Prompt: Skip the pictures and write out, word for word, the lines below from the one with "Kylie Jenner Sheer" through the one with "14k Yellow Gold Mom Charm C363", inclusive.

Extracted entries:
☆ ☆ ☆ ☆

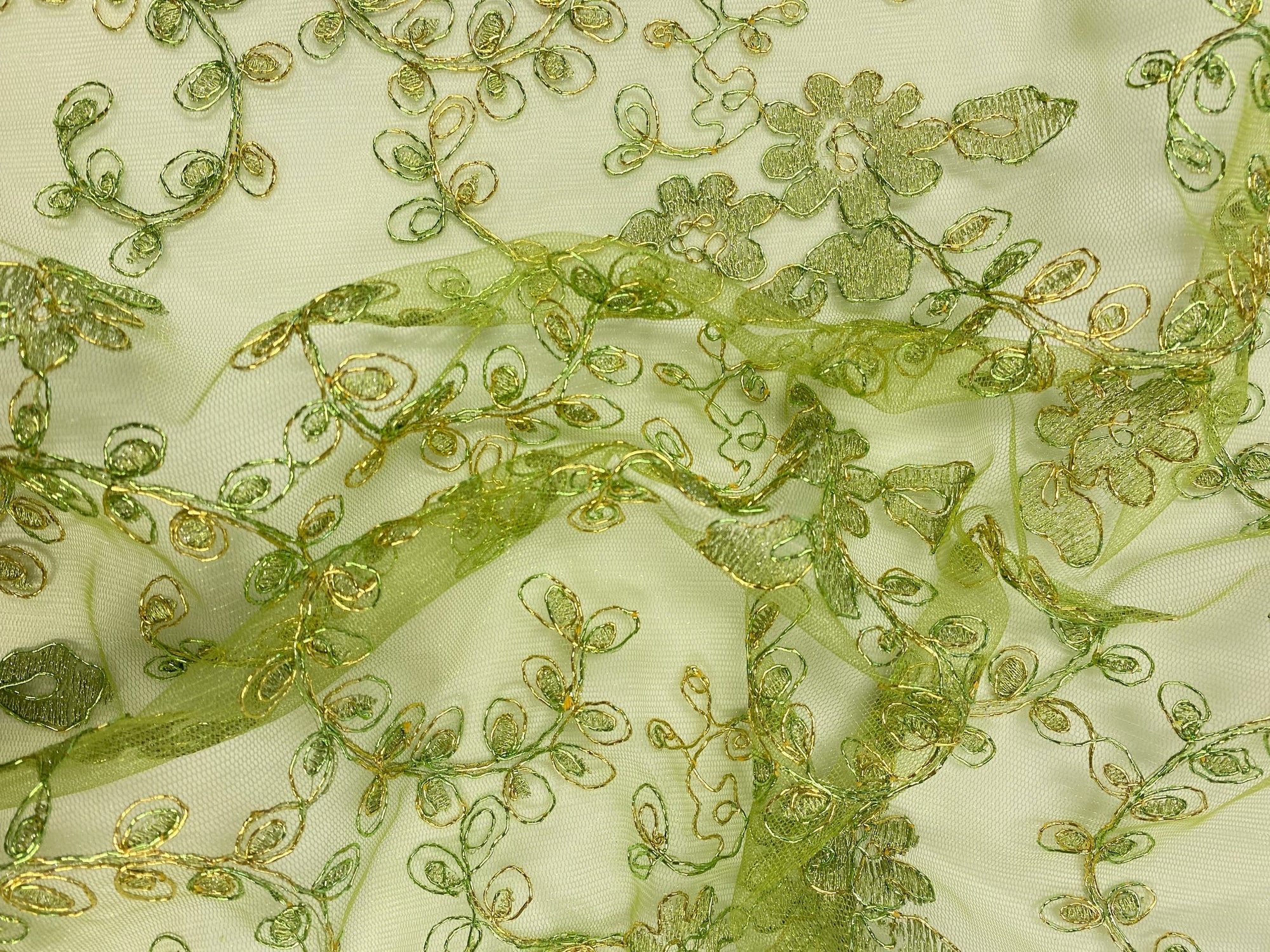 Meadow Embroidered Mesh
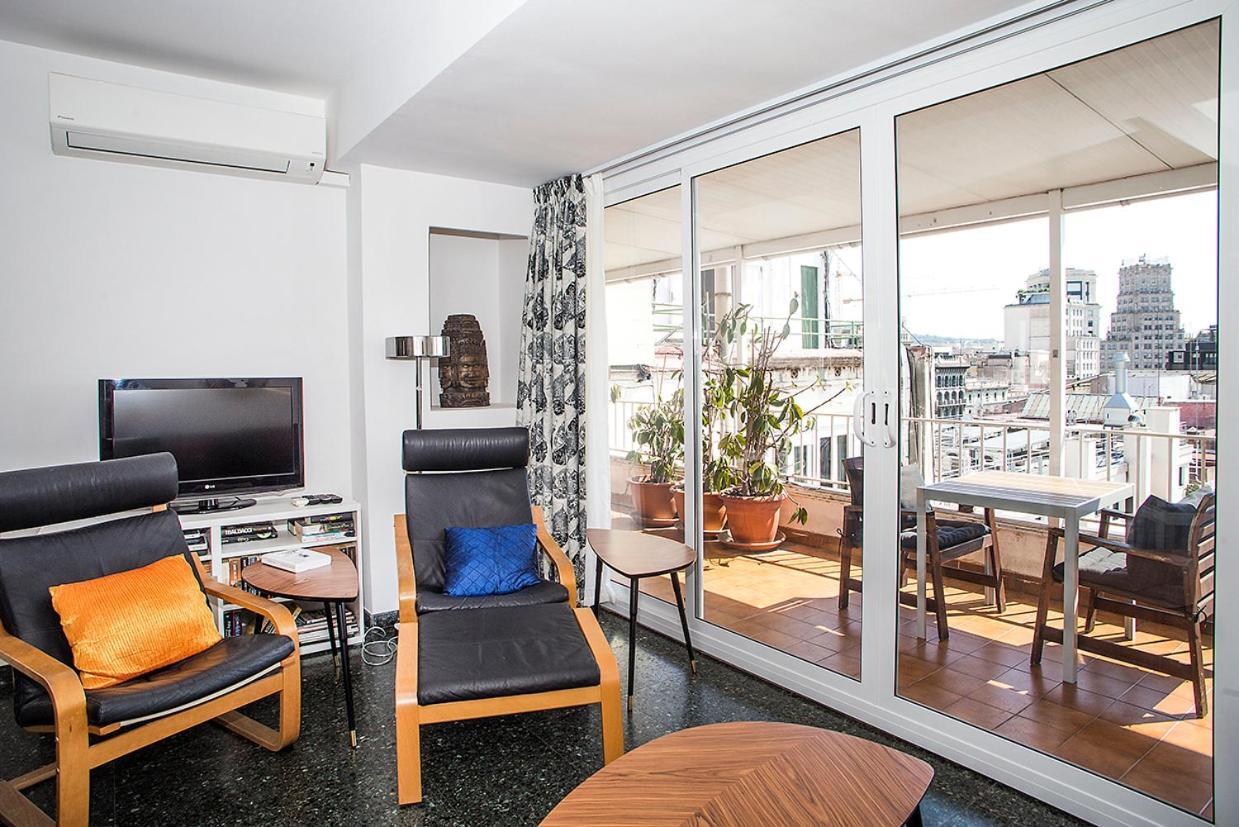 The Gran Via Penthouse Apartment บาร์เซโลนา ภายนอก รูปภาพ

☆ ☆ ☆ ☆

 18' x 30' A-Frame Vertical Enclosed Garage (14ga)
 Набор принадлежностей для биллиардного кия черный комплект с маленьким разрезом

☆ ☆ ☆ ☆

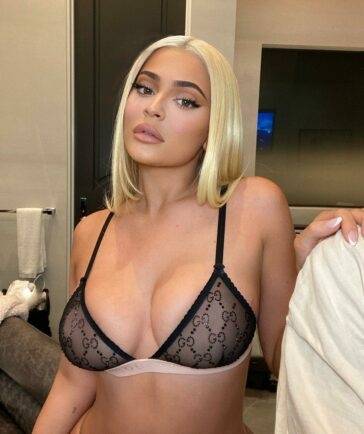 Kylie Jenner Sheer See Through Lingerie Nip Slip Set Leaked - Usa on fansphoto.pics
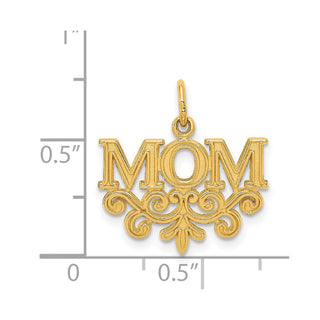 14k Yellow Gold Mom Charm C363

☆ ☆ ☆ ☆

Exercise solution:
 Kylie Jenner Sheer See Through Lingerie Nip Slip Set Leaked - Usa on fansphoto.pics
 14k Yellow Gold Mom Charm C363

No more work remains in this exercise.